# Tecumseh Engine Swap



## NWCanuck

Hello guys, just wondering if anyone knows of an 8HP direct replacement engine for a Tecumseh HM80-155444P. The problem I am having is locating an engine with 2 PTO's. Seems like all the new engines are single PTO. The snow blower is a 1992 MTD Snow Flite 8/26 model 312-640F500.

Thanks.
Brad


----------



## Blue Hill

Welcome to the forum Canuck!
I don't have an answer for you, but I'm sure several of the folks who hang out here will. It's a great place. 
Larry


----------



## Shryp

I don't know what the issue with your engine is (broken rod?)), but one other possibility is finding a single shaft HM80 and switching the camshaft and front cover from your old engine in. Not all engines are the same, but some will switch over. Could probably get away with HM80, HM90, HM100 and maybe even HMSK.


----------



## NWCanuck

Thanks for the quick replies guys. No real issue here with the tecumseh engine just yet. I have spent around $100 on both the engine and the snow blower itself. The blower is in great shape but you kind of reach a point with these older machines where if something catastrophic happens like the Tecumseh throws a rod, is it really worth fixing? It seems like the Tecumseh parts are becoming harder and harder to find. It would be nice to have an engine from a manufacturer that is still in business.


----------



## GustoGuy

Since you have a dual shaft engine like I once did it can be converted over to a single shaft design provided you can flip the gear box and put the drive gear and friction wheel over to the other side. Since the cam shaft pulley which operates the drive rotates in the opposite direction as the engine does and at 1/2 the speed you will need to get a larger diameter drive plate like I did for my 1996 MTD 5/22 or you will have a real fast snow blower which is not a good thing. Check out my threads in the MTD forum. I replaced my engine with a Harbor freight 212cc 7hp engine and it runs great now and really tosses the snow. See my video under mrgustoguy on Youtube


----------



## Ray 1962 10ML60

I've seen a place on ebay that sells a briggs 900 series (I think its 8.5 HP) with dual shafts as a replacement for the Ariens rocket tillers. The orig HH70 tecumseh on the rockets also have dual shafts. Maybe it could be adapted to a snowblower application with some mods. If you search "ariens rocket pto" on ebay it should come right up. But they want over $430 bucks for it, so take good care of your current engine!


----------



## Simplicity Solid 22

Have you replaced a lot of parts on your Tecumseh????


----------



## NWCanuck

Thanks for all the replies. Funny you should ask Simplicity. I got this snow blower from my father because he found it hard to start. It was third hand to him and had originally belonged to his friends father. It was well taken care of by the original owner but not so much by my father (a spark plug and more oil kind of guy). He just bought a new MTD and was going to dispose of this one so I took it and have made it a pet project.

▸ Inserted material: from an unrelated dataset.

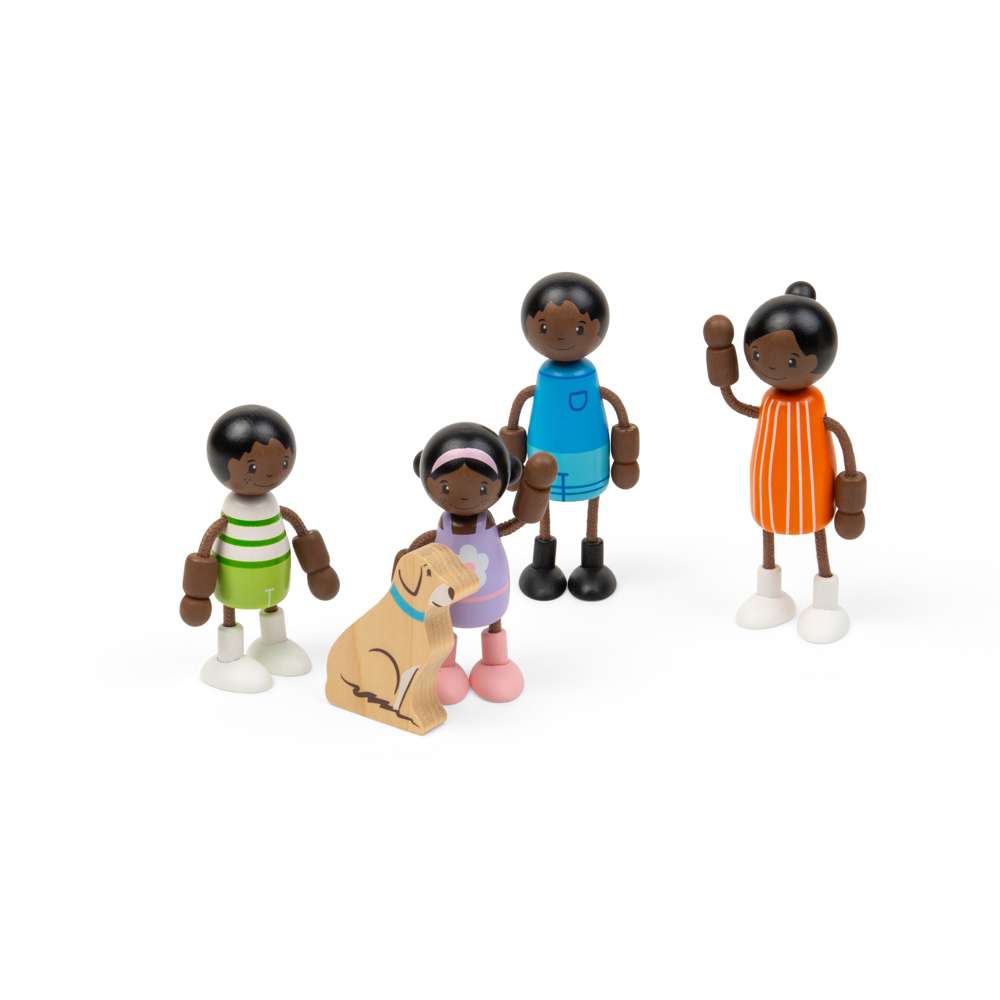 Tidlo Wooden Black Family Dolls Set 4 Figures and Pet Dog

Lack of maintenance and TLC required some rust removal all around because this blower had been left outside on more than one occasion without a cover. The auger end of the blower required the most work.

1. The Auger housing was sanded and welded in corners because there were stress crack forming the area of the skid shoes and shave plate.

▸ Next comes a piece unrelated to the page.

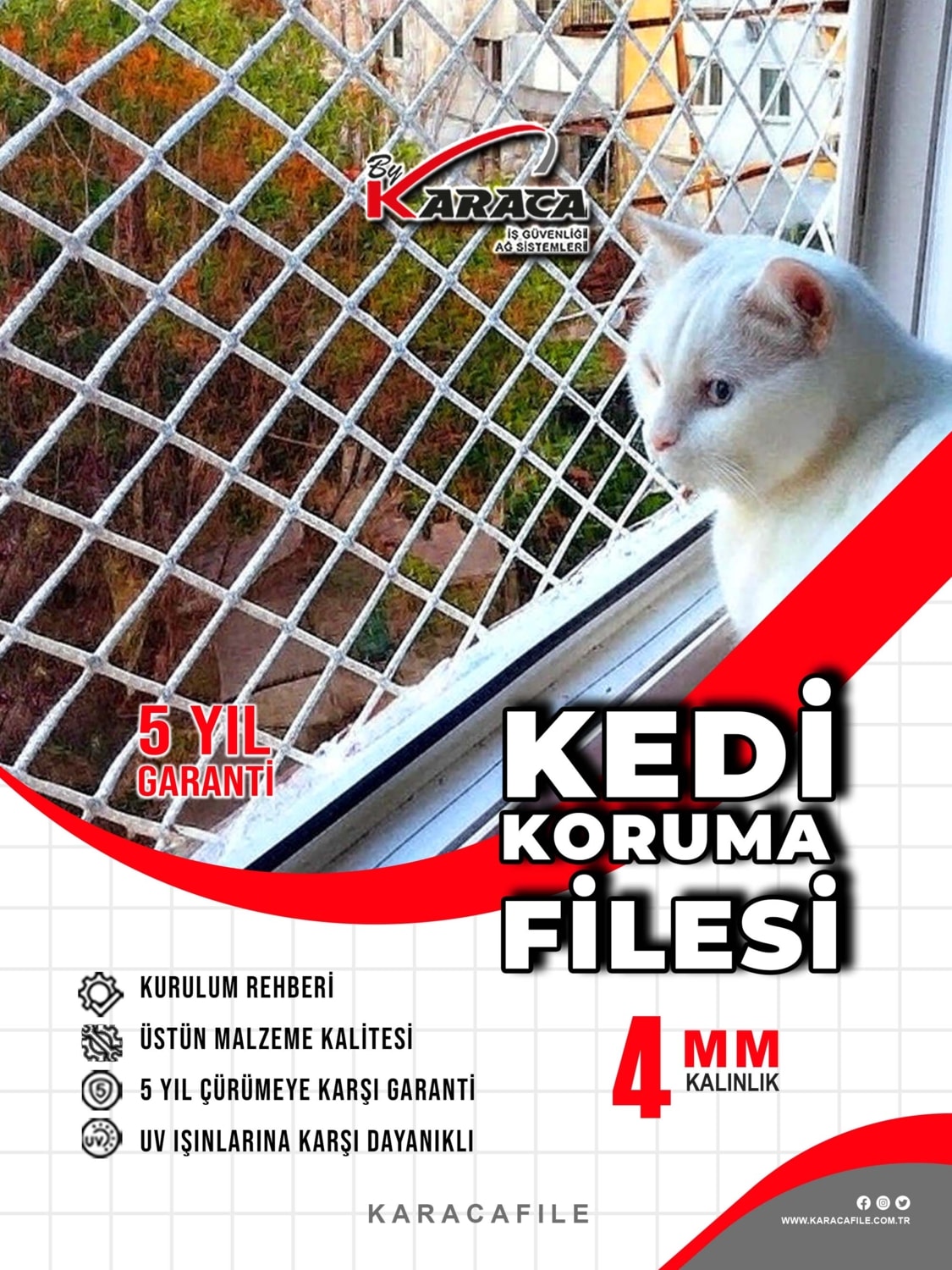 Balkon Güvenlik Filesi – 2 M Yükseklik | Metreyle Kesim | 4 mm Ip, 4x4 cm Göz Aralığı + Montaj Aparatları (Beyaz)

2. Front end was disassembled painted and grease. 

3. New Belts all around the unit has two for the auger and one for the drive.

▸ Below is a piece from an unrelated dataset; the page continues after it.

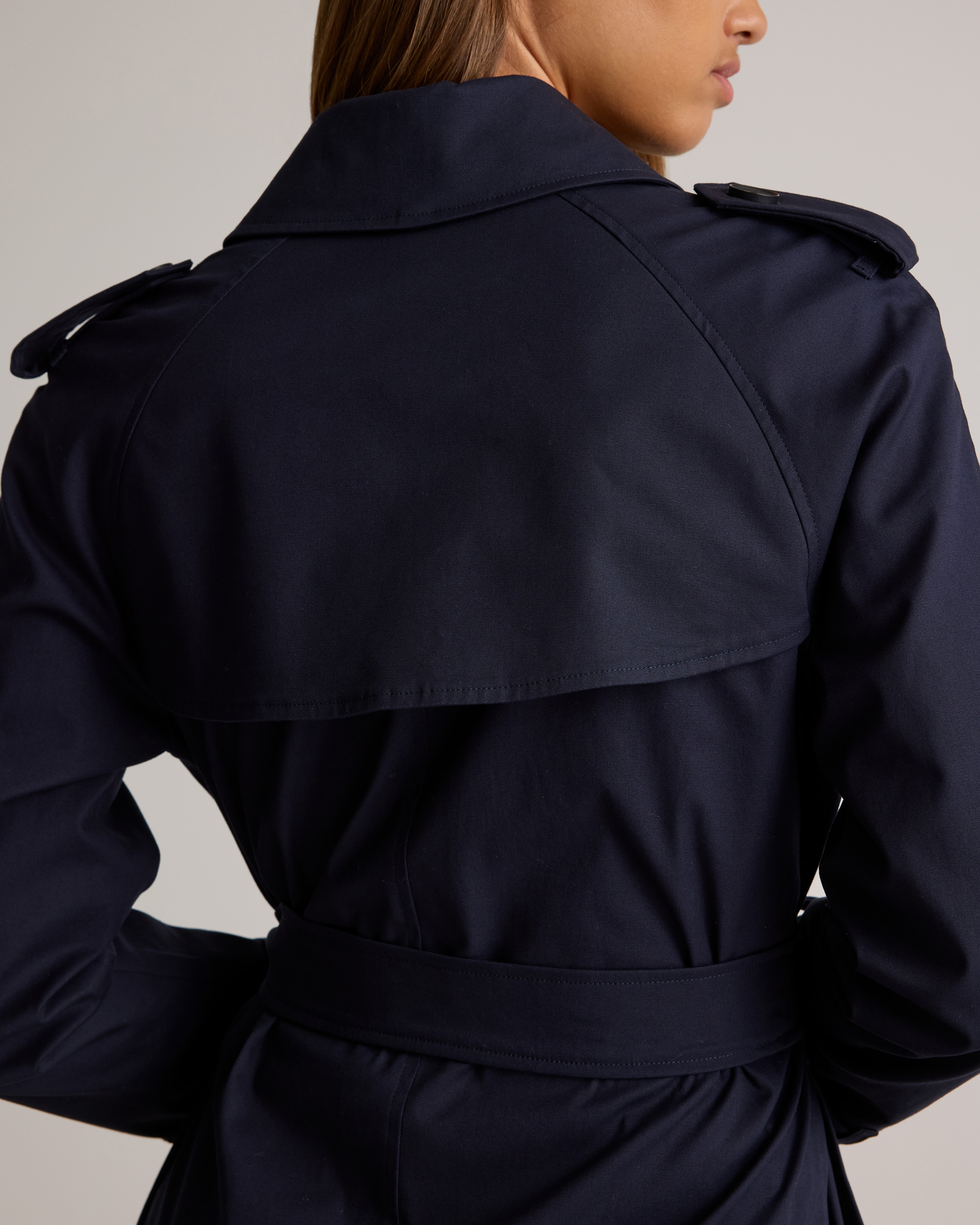Comfort Stretch Long Trench Coat in Navy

4. New Auger cable and pulley wheels, lube and grease all around including drive shafts which were bone dry.

5. New actuator at the control end for the chute. Plastic nub had broken off where the control meets the cables.

The Tecumseh engine had light rust on most of the cowling and covers. But runs smooth. Oil was very dirty so I drained that too while I was at it. Inside the crank case looks clean given the colour of the oil which had me worried.

I bought new fuel lines and linkages from the governor to throttle and from the governor to carb. I have taken all of the covers off and blower housing and have sanded and painted them. I also gave the cylinder head a cleaning and then a light coat high temp flat black to cover the oxidation up. I bought a carb rebuild kit and some new gaskets for the carb to manifold connections.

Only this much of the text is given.